Entries taken from a collection
::::

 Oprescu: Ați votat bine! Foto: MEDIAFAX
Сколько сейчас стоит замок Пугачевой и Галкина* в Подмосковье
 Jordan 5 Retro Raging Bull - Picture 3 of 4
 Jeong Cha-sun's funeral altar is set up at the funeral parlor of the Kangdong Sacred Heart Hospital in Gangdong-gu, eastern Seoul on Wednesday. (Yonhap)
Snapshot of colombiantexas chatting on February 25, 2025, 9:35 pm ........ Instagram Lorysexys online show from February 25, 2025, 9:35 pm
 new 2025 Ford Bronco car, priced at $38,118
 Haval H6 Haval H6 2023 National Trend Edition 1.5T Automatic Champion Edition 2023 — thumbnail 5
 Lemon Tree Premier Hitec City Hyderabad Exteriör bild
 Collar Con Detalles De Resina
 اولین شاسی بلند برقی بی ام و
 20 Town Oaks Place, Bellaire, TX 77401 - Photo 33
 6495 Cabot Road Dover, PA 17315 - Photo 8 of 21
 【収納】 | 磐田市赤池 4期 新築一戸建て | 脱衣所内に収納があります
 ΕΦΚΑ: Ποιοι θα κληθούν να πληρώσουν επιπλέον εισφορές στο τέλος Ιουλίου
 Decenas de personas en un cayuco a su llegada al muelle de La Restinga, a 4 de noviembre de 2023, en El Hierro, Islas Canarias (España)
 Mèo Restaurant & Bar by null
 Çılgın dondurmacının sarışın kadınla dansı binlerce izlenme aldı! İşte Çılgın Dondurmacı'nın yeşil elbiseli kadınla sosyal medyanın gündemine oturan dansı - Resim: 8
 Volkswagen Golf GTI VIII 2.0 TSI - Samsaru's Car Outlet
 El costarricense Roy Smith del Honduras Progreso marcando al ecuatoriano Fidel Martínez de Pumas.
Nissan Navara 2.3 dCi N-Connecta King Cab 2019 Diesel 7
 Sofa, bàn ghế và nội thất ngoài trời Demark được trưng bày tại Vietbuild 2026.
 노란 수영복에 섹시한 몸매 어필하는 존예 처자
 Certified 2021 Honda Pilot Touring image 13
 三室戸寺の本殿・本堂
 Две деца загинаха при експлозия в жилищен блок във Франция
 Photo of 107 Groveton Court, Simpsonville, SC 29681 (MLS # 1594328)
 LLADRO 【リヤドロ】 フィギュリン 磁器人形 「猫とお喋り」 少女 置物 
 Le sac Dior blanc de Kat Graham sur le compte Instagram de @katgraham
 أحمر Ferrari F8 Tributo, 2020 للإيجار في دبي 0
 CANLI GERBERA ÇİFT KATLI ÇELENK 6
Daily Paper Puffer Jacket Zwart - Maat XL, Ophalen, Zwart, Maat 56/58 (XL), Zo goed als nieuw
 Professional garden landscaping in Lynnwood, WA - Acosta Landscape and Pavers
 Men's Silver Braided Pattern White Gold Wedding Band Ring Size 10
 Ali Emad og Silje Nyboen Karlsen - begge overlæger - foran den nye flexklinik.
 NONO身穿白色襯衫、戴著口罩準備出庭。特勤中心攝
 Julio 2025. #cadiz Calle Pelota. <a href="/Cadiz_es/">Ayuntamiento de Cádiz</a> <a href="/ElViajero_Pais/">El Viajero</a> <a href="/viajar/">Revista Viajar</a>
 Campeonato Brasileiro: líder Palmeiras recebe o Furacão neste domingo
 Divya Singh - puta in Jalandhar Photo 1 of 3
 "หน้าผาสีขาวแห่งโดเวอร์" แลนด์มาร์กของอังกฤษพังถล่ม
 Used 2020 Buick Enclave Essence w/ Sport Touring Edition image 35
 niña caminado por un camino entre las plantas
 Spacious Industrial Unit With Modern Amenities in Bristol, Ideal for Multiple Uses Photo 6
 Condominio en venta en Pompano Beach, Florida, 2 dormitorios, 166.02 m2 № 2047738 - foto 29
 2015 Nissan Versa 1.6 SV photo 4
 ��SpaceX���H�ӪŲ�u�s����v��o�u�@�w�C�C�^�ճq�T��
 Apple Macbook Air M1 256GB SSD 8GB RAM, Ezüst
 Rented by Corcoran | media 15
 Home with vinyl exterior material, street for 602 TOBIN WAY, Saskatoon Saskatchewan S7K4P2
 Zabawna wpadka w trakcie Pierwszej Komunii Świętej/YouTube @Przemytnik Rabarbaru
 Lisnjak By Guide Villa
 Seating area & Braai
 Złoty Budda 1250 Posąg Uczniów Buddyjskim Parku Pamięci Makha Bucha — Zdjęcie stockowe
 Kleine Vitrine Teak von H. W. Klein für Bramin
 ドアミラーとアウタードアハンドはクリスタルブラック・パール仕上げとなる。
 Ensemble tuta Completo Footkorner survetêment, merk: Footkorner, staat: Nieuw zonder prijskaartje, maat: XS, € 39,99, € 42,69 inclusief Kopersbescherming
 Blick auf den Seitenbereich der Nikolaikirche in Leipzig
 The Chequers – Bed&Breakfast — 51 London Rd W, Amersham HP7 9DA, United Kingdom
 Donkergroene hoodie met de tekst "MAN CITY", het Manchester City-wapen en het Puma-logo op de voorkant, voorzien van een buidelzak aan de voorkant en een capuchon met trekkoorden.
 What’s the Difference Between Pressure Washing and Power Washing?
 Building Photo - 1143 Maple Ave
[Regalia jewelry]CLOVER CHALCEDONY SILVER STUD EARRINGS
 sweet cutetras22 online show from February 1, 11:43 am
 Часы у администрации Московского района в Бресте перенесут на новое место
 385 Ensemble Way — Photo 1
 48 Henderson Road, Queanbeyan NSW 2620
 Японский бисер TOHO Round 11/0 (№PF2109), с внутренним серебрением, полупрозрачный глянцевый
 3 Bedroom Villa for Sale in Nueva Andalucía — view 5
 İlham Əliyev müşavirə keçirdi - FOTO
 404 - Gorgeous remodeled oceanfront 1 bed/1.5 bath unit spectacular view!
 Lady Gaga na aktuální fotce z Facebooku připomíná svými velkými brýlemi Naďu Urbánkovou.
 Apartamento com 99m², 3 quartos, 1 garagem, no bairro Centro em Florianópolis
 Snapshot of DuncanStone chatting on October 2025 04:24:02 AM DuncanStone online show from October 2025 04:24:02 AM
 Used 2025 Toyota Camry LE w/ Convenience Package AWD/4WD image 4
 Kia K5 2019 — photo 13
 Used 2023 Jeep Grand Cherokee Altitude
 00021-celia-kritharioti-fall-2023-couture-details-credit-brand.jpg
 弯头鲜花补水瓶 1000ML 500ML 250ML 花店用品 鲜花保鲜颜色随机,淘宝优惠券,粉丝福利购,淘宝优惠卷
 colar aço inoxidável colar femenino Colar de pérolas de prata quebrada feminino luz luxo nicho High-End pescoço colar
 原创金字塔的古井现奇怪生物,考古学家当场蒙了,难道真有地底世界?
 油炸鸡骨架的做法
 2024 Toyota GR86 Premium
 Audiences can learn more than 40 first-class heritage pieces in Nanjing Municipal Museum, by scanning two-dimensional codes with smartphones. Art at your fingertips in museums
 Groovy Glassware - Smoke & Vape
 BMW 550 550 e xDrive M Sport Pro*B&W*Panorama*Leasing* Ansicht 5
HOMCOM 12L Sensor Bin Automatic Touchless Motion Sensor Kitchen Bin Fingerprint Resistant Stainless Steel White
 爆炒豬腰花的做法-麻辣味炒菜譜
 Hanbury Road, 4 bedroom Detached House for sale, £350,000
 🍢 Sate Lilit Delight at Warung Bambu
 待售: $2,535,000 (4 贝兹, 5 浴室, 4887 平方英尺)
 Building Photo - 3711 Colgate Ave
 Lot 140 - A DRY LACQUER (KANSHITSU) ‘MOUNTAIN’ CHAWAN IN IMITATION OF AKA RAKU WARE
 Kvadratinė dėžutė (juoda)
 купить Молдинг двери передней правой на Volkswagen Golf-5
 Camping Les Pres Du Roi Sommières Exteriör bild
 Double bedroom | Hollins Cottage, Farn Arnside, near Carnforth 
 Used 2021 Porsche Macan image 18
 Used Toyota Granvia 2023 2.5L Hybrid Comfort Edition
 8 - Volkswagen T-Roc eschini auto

::::

* **Exercise directions**:
In the reply, include exactly the lines from the beginning of the entries above through the line holding "Jeong Cha-sun's funeral", and nothing besides.

* **Expected answer**:
 Oprescu: Ați votat bine! Foto: MEDIAFAX
Сколько сейчас стоит замок Пугачевой и Галкина* в Подмосковье
 Jordan 5 Retro Raging Bull - Picture 3 of 4
 Jeong Cha-sun's funeral altar is set up at the funeral parlor of the Kangdong Sacred Heart Hospital in Gangdong-gu, eastern Seoul on Wednesday. (Yonhap)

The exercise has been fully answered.